Sonos Sues Google For Patent Infringement
Sonos pioneered wireless multi-room audio in the early 2000s and first brought consumer products to the market in 2005. Now it has taken on a juggernaut in smart home technology. The battle highlights the need for – and difficulty of – foresight when drafting agreements governing intellectual property joint ventures.
Sonos sued Google for infringement of its patents covering smart speakers. Sonos and Google had entered into a joint R&D venture to integrate Google Play Music into Sonos speakers, during which time Sonos shared a great deal of technological information with Google. These ventures are common. Sometimes, they end poorly, in litigation.
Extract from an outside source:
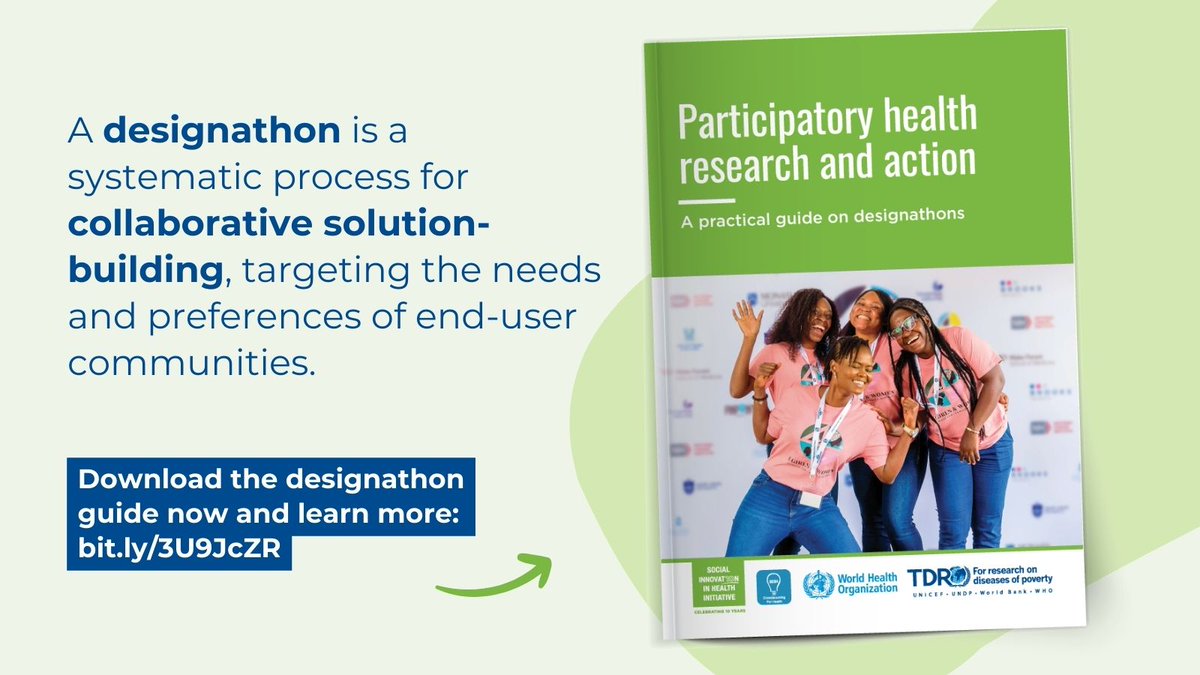 Looking to lead a designathon that re-imagines public health research? Check out our practical guide! From initial steps to sustainable impact, it provides practical strategies for organizing a designathon to enhance health. Download the #DesignathonGuide  bit.ly/3U9JcZR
Sometimes, as happened here, the joint venture goes well but, a few years later, one of the parties comes out with products that are eerily similar to the other party’s.
Sonos and Google will have to fight it out in court or, more likely, come to a settlement regarding future use of the IP. Sonos has additionally filed a complaint in the International Trade Commission, seeking to prevent Google from importing some speakers into the country, on the grounds that the speakers violate Sonos’s patents. Patentees frequently take this double-pronged approach of filing an infringement suit in district court and a complaint with the ITC complaint.
Sonos has not flied suit against other manufacturers, such as Amazon, even though it is a potential target with its Echo products. This may be because Amazon is a valuable retailer for Sonos’s speakers, and it doesn’t want to poke that bear.
This is not the first time that Google has been embroiled in such an action. Over the past few years, Google’s affiliated company Waymo has been fighting Uber over technology they say one of Uber’s top autonomous car engineers – and former head of self-driving cars at Waymo – took from Google.
Cases such as these highlight a number of issues: how to properly handle background IP in a joint venture contract; how to deal with IP developed within a joint venture; whether and to what extent knowhow can be handled; how business relationships may affect a company’s choices in pursuing a potential infringement claim. These are all difficult issues to negotiate, and difficult issues to predict. However, when writing a joint venture agreement, license agreement, or other agreement concerning patents, trade secrets, and knowhow, both sides must attempt to look into the future and consider both the positive and negative possible outcomes.